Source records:
___
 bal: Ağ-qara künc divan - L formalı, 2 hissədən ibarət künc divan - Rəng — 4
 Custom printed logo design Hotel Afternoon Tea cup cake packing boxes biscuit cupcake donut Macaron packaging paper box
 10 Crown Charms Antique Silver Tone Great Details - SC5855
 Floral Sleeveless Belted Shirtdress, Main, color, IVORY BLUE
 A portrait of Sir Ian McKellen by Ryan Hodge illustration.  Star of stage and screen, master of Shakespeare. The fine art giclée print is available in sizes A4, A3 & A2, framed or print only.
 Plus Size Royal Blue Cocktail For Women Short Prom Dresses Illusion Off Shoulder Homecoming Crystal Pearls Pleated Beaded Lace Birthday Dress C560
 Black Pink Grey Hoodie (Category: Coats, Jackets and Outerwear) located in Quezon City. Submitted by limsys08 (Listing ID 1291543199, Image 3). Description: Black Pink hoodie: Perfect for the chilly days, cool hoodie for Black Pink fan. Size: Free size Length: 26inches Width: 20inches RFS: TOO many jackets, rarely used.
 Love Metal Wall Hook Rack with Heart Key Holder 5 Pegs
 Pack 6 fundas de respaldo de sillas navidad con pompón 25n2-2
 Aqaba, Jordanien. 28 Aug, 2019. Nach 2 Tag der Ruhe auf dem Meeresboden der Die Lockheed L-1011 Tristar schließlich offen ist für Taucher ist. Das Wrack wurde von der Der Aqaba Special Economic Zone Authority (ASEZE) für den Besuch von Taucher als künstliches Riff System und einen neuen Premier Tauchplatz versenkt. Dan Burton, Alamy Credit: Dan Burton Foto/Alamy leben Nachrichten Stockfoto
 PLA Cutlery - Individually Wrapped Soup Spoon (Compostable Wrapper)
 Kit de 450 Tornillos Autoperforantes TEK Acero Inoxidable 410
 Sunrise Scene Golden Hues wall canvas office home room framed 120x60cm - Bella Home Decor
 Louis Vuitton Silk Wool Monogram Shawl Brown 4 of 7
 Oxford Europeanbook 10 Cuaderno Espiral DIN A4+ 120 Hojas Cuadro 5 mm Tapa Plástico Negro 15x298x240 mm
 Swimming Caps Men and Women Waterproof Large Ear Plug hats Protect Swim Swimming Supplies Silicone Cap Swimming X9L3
___
Look through the entries and copy every line in which the string "framed" appears.

> _Completed task_:
 A portrait of Sir Ian McKellen by Ryan Hodge illustration.  Star of stage and screen, master of Shakespeare. The fine art giclée print is available in sizes A4, A3 & A2, framed or print only.
 Sunrise Scene Golden Hues wall canvas office home room framed 120x60cm - Bella Home Decor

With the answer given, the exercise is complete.